Home » Drug shortages — the time vampire
If any letter was ever calculated to make my head explode it was the recent correspondence from Novo Nordisk about the current shortage of its licensed weight loss medicine, Saxenda. In and of itself, it is a fairly typical drug shortage notification letter.
The first thing to note is that it tells us the drug is going short from a particular date. By the time this letter arrives into my inbox, via snail mail, the drug is already short (even though we haven’t even arrived at this particular date). This is due to an information asymmetry. Other pharmacies had been in this news loop long before I was and had swept up all available supplies. Yet, this was not the most egregious part of this letter. On the first page under the bulleted summary points was the clincher — the company kindly requested that we made patients aware of this issue; switched them to suitable alternatives based on our clinical judgment, and, wait for it, market availability.
Now, I’m not sure if the company have a sense of humour, or they deliberately wanted to get a rise from us, but it is fair to say, if it was the latter, it worked. What alternative? A gastric bypass surgery in the consultation room? The stablemate of Saxenda is Ozempic. It would be fair to say that no drug to treat diabetes has ever caught the imagination of both the prescriber and the patient more since the introduction of insulin. As every self-respecting TikTok generator knows, Ozempic has become the new weight loss drug of choice for the rich and famous. You cannot buy such publicity. It has created an enormous pressure on the supply chain for this medicine. There have been several attempts at creating a choke on this demand, to ensure continuity of supply for patients with diabetes, yet it is now obvious that these efforts have failed. Even at its most basic, there is little evidence, other than tokenistic letters, that any prescriber has held back on prescribing this medicine for weight loss patients.

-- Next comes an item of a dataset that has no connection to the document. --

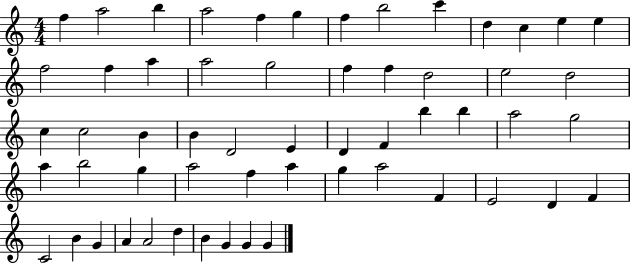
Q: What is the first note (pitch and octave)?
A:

There hasn’t been a single item that has taken up more of my personal time in the last month, than the non-supply of Ozempic. My pharmacy hasn’t received a single pen, of any strength, in seven weeks. Particularly fraught conversations have been had when dealing with patients who are attempting to continue a long-existing course; new potential patients with diabetes, who are finding glucose control particularly difficult; or simply a phone call from a surgery or a patient who are asking if we have stocks. This time vampire has been sucking the lifeblood of availability from my working day. Drug shortages are nothing new, and everybody has read, and in my case written, extensively about this issue. But to use that lovely, resonant phrase, ‘this time it’s different’.

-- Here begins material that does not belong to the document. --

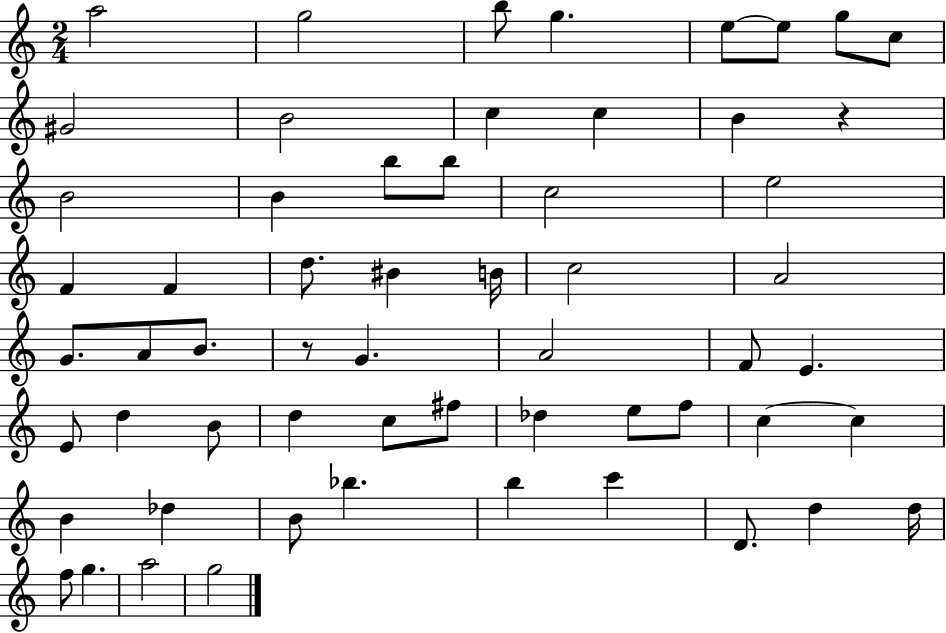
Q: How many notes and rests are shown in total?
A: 59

Of particular concern is the growing evidence that the allocation model, which has been increasingly adopted by manufacturers and wholesalers, is somehow no longer fit-for-purpose. The last decade has seen an unprecedented level of drug shortages. Most of the common reasons for this are well known. Supply chain ‘blah de blah’ is constantly quoted. Yet, it is increasingly obvious that the substantial pressure being placed on the prices of pretty much all older medicines, is a factor. This is particularly noticeable in so-called ‘first world’ countries where governments have put sustained massive reductions on older molecules, to release funds for newer much more costly therapies. For patients, it is a double whammy: The first is that it means they can’t get what used to be a commonly used drug; the second is that traditionally inexpensive and widely available drugs can now be only sourced outside the country as unlicensed products, at multiples of the previous price. Frequently these are no longer covered under community drug schemes, consequently placing enormous pressures on the patient to pay more or, if they are lucky, the non-scheme hardship model might come to their aid, and the associated transfer of the administrative burden is passed to the pharmacist and the prescriber.
Yet, I am digressing from what is a broken distribution model. It is important that we all have confidence that the supply chain of critical medicines is equitable. It is a fundamental requirement that distribution of medicines, particularly in a small country like Ireland, has the disinfectant light of clarity thrown over it. To quote a recent high-profile visitor to Ireland, we are at an inflection point. It is no longer clear that our current medicine distribution models are working properly. While Ozempic is a particular case, it is merely representative of a greater competitive malaise. It is now time that the State grapples this thorny issue with both hands.